*** DATA FOR THIS TASK ***

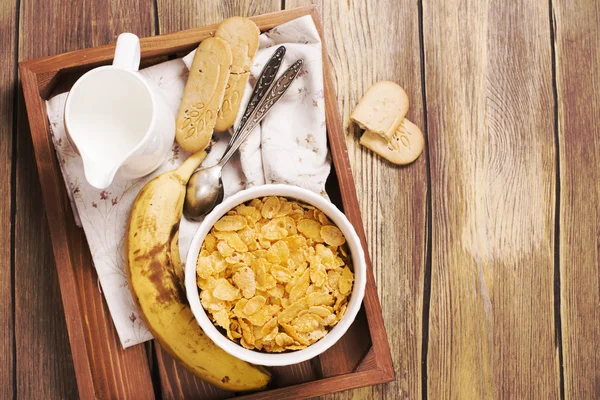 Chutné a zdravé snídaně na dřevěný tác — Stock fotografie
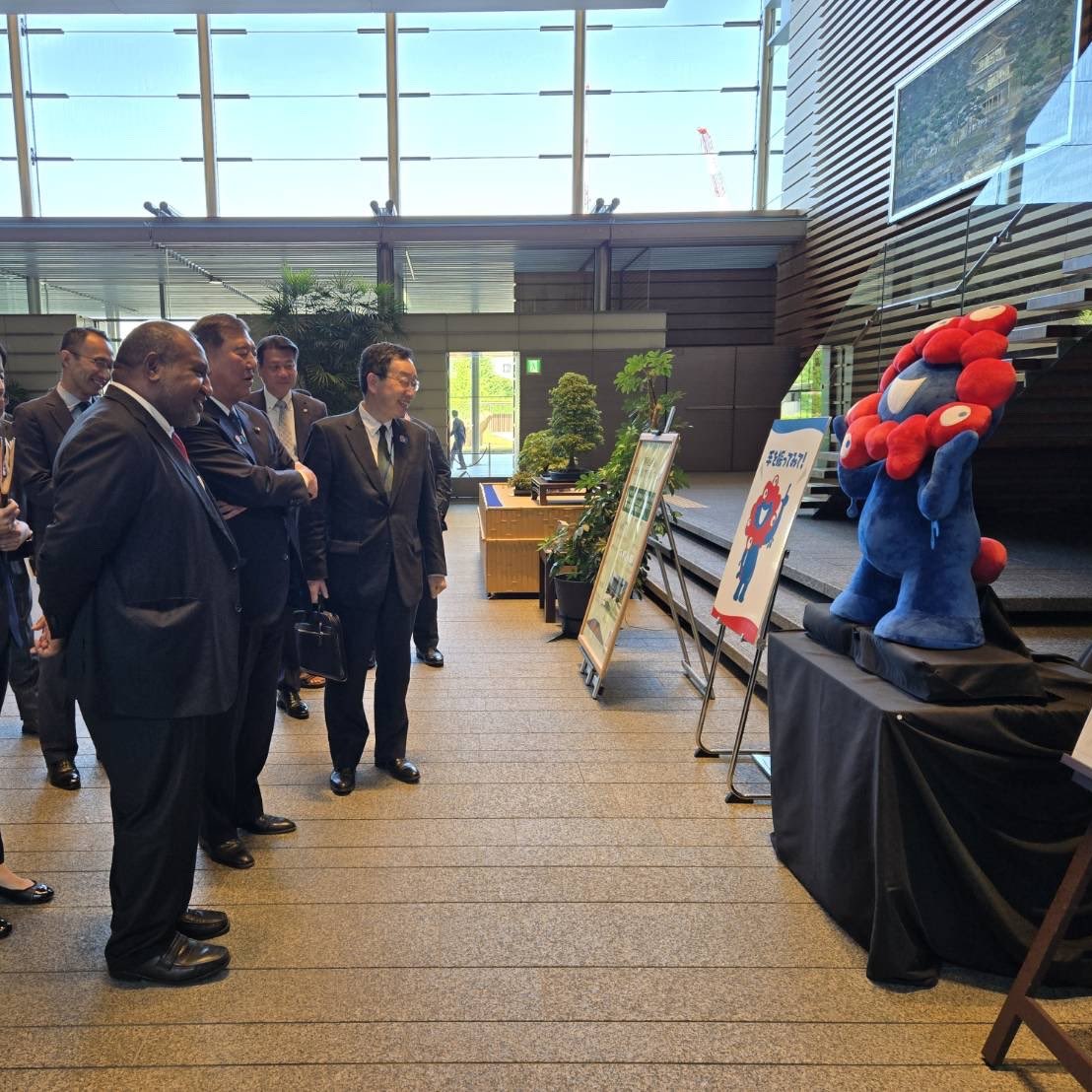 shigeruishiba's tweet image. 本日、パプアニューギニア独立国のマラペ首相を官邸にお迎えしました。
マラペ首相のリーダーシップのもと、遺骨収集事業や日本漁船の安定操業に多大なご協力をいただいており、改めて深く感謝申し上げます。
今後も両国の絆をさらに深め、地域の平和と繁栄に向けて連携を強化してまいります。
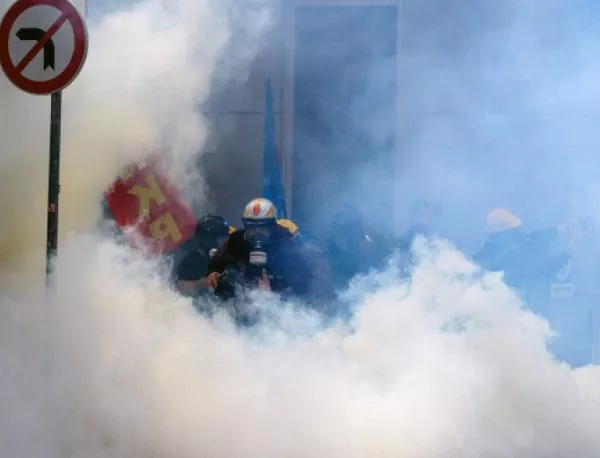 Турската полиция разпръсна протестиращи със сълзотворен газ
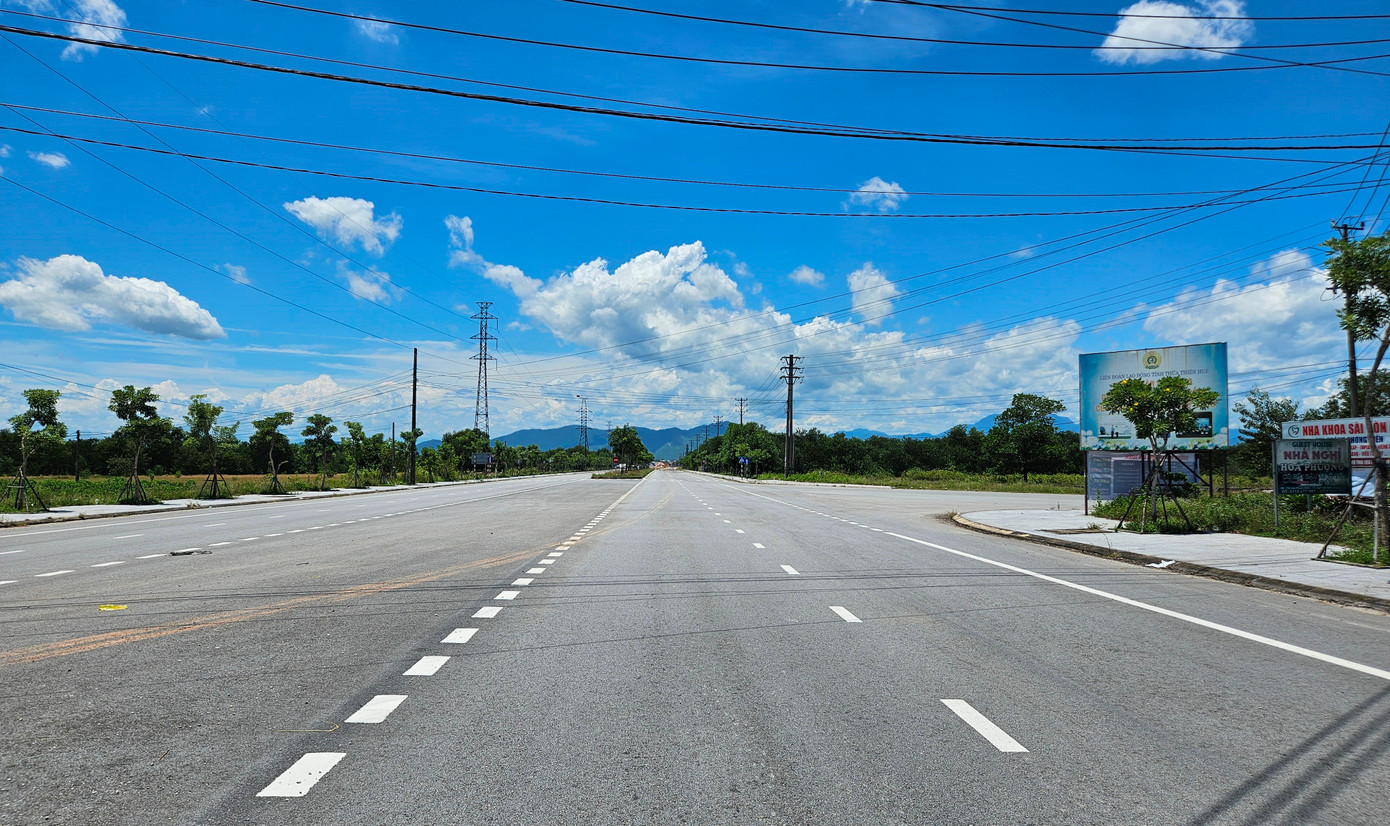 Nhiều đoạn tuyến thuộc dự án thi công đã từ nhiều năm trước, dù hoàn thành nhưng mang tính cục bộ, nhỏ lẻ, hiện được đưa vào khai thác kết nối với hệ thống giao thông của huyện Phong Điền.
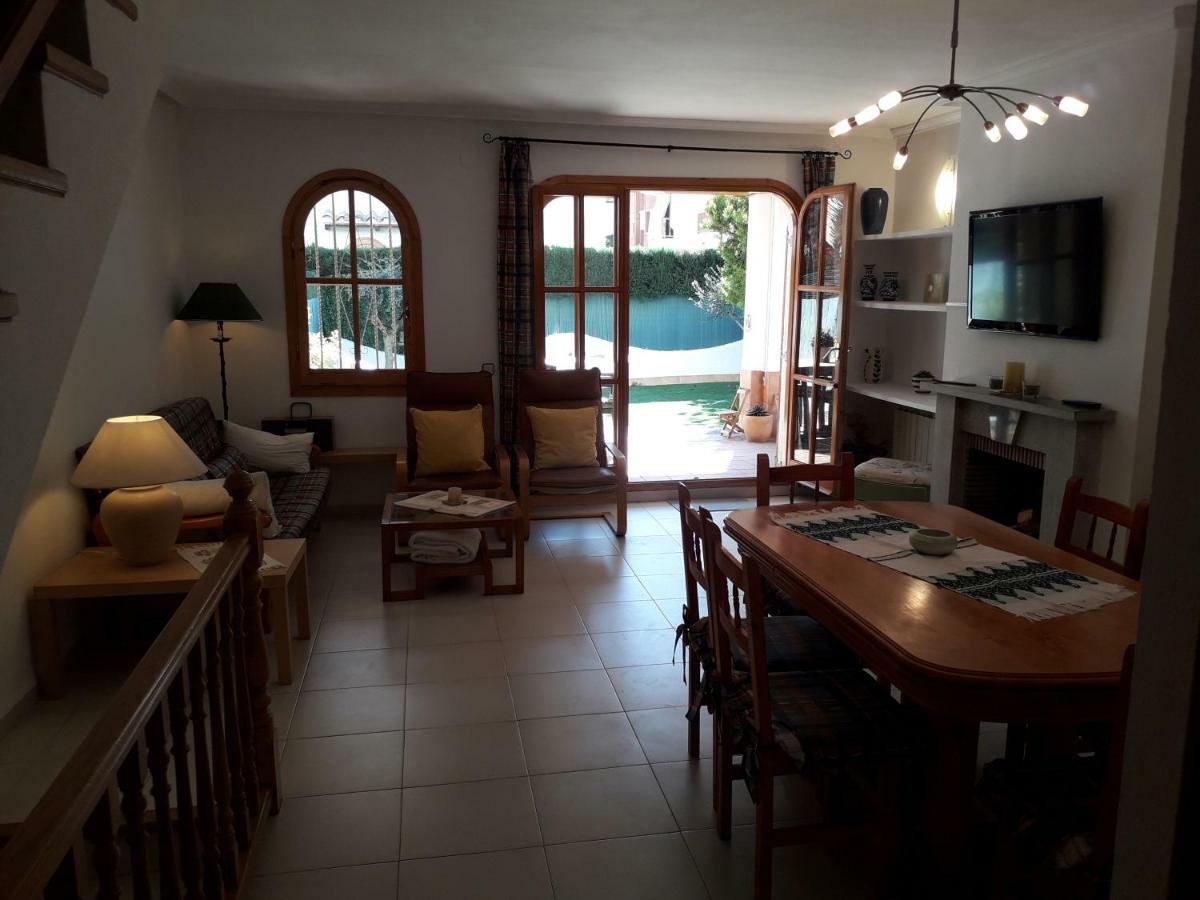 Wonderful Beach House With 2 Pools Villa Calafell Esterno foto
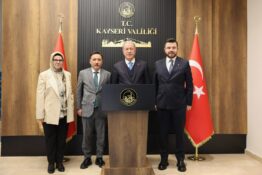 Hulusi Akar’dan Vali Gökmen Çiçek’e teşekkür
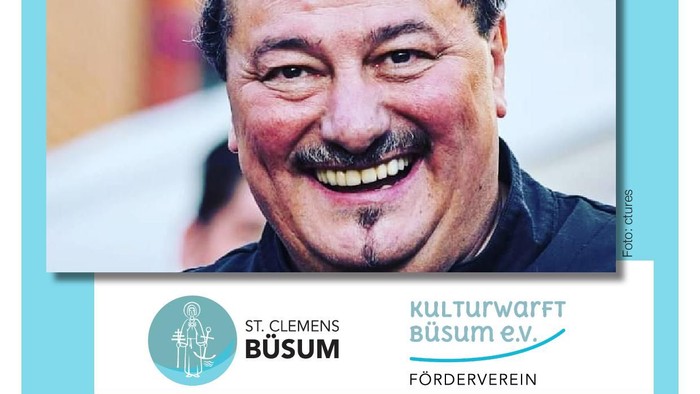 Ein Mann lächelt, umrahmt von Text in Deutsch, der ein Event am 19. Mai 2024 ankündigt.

*** End of DATA FOR THIS TASK ***

▸ WHAT TO WORK ON
Exact copies of the lines from the one containing "Hulusi Akar’dan Vali Gökmen Çiçek’e teşekkür" through the final line of the data are required; pictures are to be omitted.

▸ TASK ANSWER
 Hulusi Akar’dan Vali Gökmen Çiçek’e teşekkür
 Ein Mann lächelt, umrahmt von Text in Deutsch, der ein Event am 19. Mai 2024 ankündigt.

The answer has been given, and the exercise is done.